El pecado de SS, como el de Helena, es ser demasiado visible, demasiado evidente, demasiado poderosa en su capacidad para convocar la admiración, el deseo y la envidia. En tiempos de hipersensibilidad y dogmatismos igualitarios, la exhibición orgullosa de la belleza —y más si es femenina— resulta incómoda, incluso intolerable, para quienes aspiran a una sociedad desprovista de dioses bellos y mitos de excelencia, ni física ni intelectual.

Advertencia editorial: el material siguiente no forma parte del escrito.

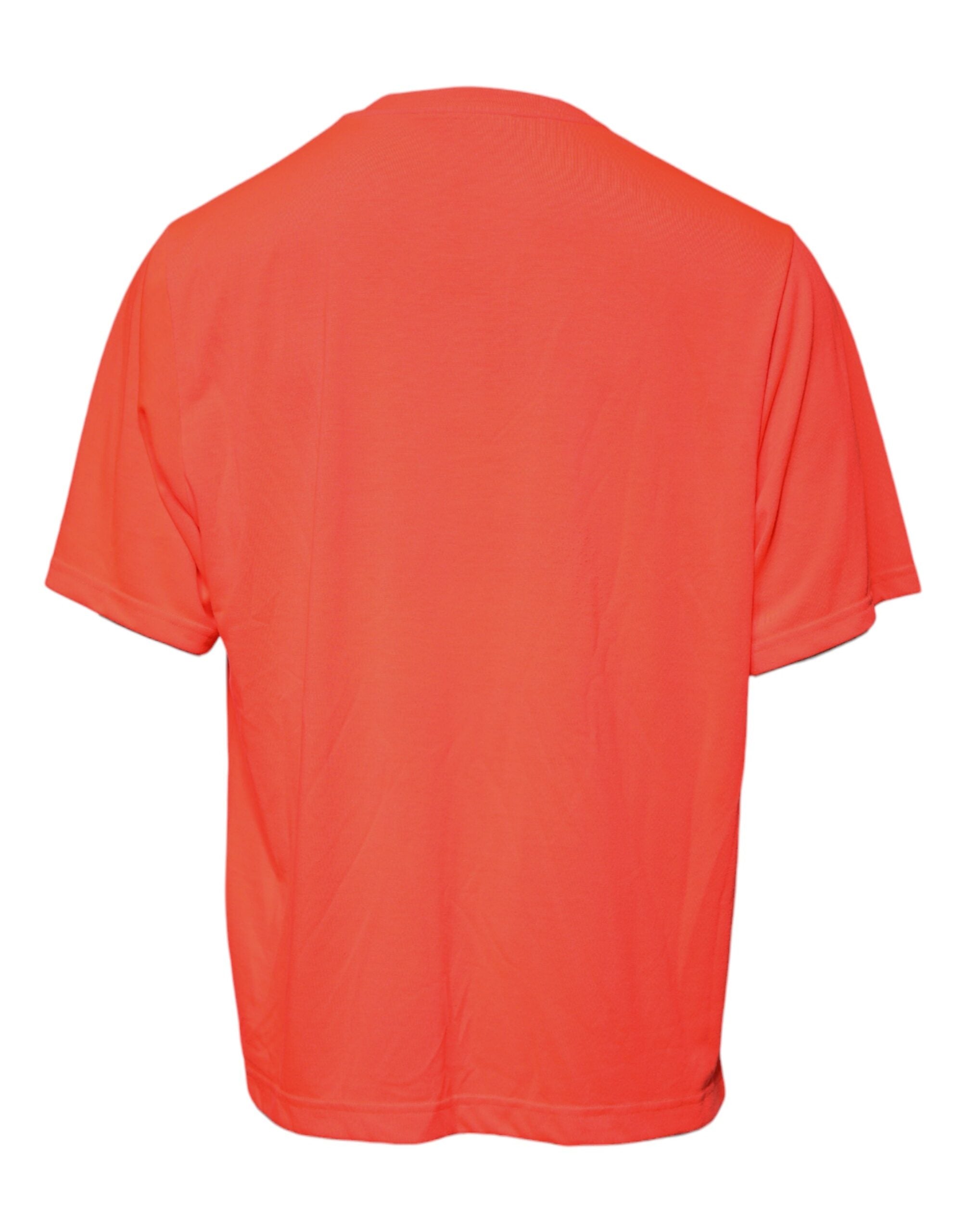 Dolce & Gabbana Orange Logo Polyester Crew Neck Men's T-shirt (Pre-Owned)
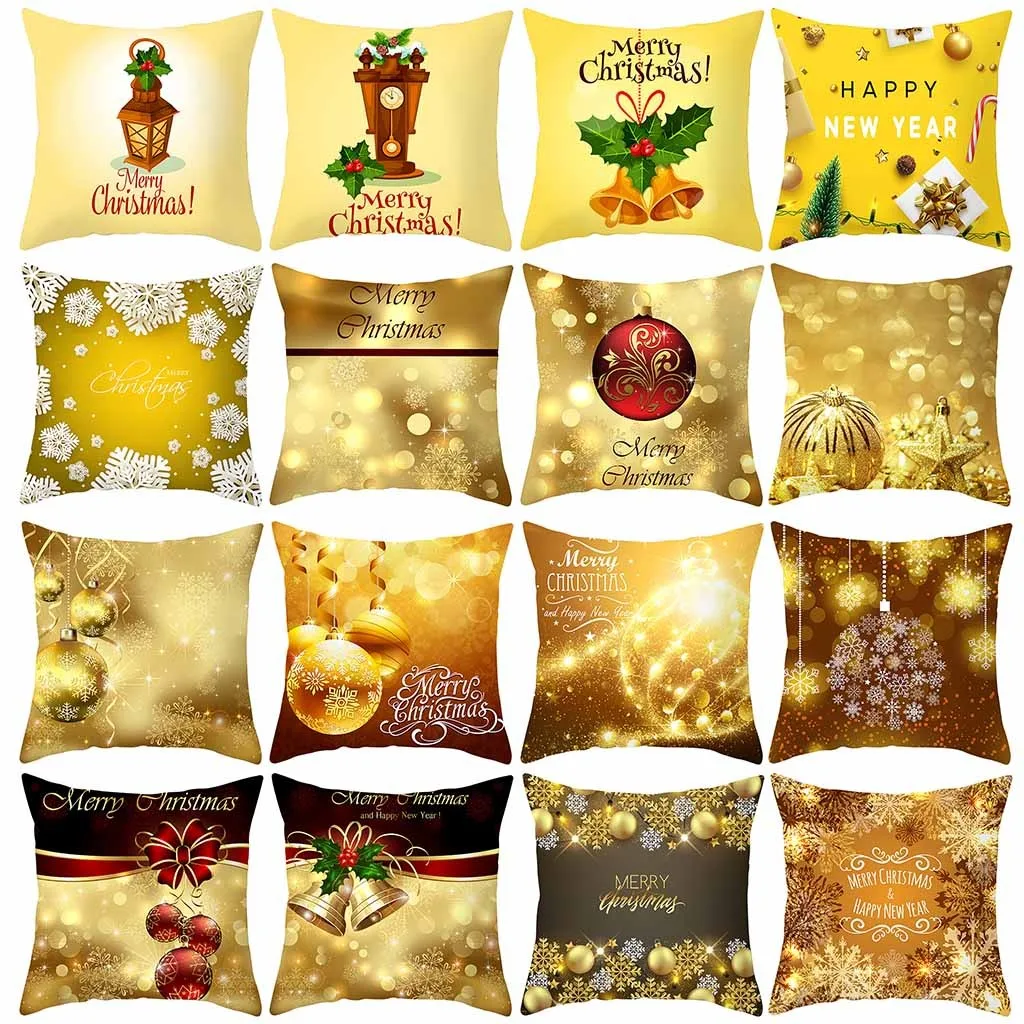 

Christmas Pillow Case Glitter Polyester Sofa Throw Cushion Cover Home Decor Funda Cojin Throw Pillows Christmas Pillow Covers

Pero la realidad es tozuda: hasta los algoritmos tiemblan ante la aparición de una diosa. Le preguntaban a Grok, la IA de Elon Musk, con quién se liaría en un tórrido affaire y, sin complejos, señalaba a Scarlett Johansson. Los caballeros las prefieren rubias, como nos enseñaba Howard Hawks, y los algoritmos, también. Si esto no es una muestra de que la IA es humana, incluso demasiado humana, que venga Turing y lo vea. Así como Helena no tuvo la culpa de que griegos y troyanos se aniquilaran mutuamente por ella, SS no es responsable de que el mundo siga girando en torno a aquellas raras mujeres capaces de suspender el juicio de los hombres y provocar el asombro de las diosas. No es su culpa, sino una condición vital. En algo estaban de acuerdo Gorgias y Platón, enemigos en todo salvo en que tal vez la belleza sea la única fuerza verdaderamente inocente.